Pricing

Pay per token. No seats, no tiers, no minimum spend.

Model	Context	Input /1M tokens	Output /1M tokens	Cached input /1M
Qwen3 Coder 30B A3B (AWQ) ps/qwen3-coder-30b-a3b	41K	$0.300	$1.20	—
Qwen3 30B A3B (AWQ) ps/qwen3-30b-a3b	41K	$0.0900	$0.450	—
Qwen3.5 35B A3B (AWQ) ps/qwen3.5-35b-a3b	41K	$0.140	$1.00	—
GLM 4.5 Air (AWQ) ps/glm-4.5-air	131K	$0.125	$0.850	—
MiniMax M2.7 (AWQ) ps/minimax-m2.7	197K	$0.255	$1.00	—
GPT-OSS 120B (MXFP4) ps/gpt-oss-120b	66K	$0.0390	$0.180	—

Prices are in USD. The cached rate applies when prompt caching is active.
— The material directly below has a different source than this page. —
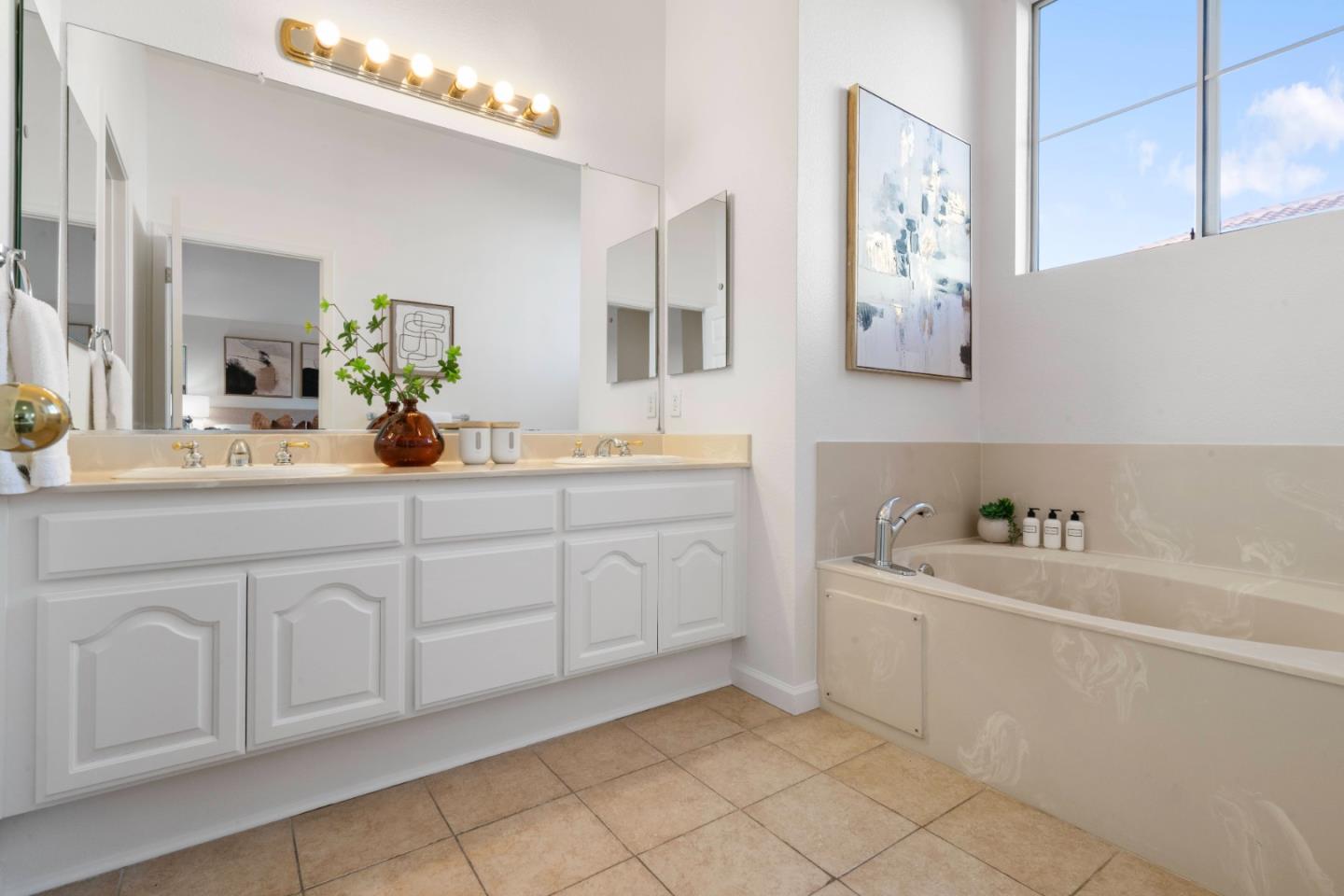 Detail Gallery Image 42 of 53 For 31500 Silvertide Dr, Union City,  CA 94587 - 4 Beds | 2 Baths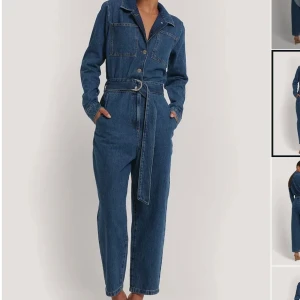 Jeans Jumpsuit  - Säljer denna magiska jeans jumpsuiten i en mörkblå färg i storlek 36 från NA-KD. Sitter jätte bra på mig som är en 36 förutom att den är lite kort i benen då jag är 1,78 så tänk på det. Den har även ett midjeband i midjan. Nypris 660kr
A dash (—) means caching is not available for that model.

Billing details

How is billing calculated?: You are billed in USD per request, based on the number of tokens in the prompt and the completion. There are no per-seat charges and no platform fee. A $4/month subscription is available for higher message limits.
Is there a monthly minimum?: No. You only pay for what you use. Accounts with a zero balance can still make requests as long as credits remain.
Do credits expire?: Credits never expire. Any balance you add to your account stays there until you use it.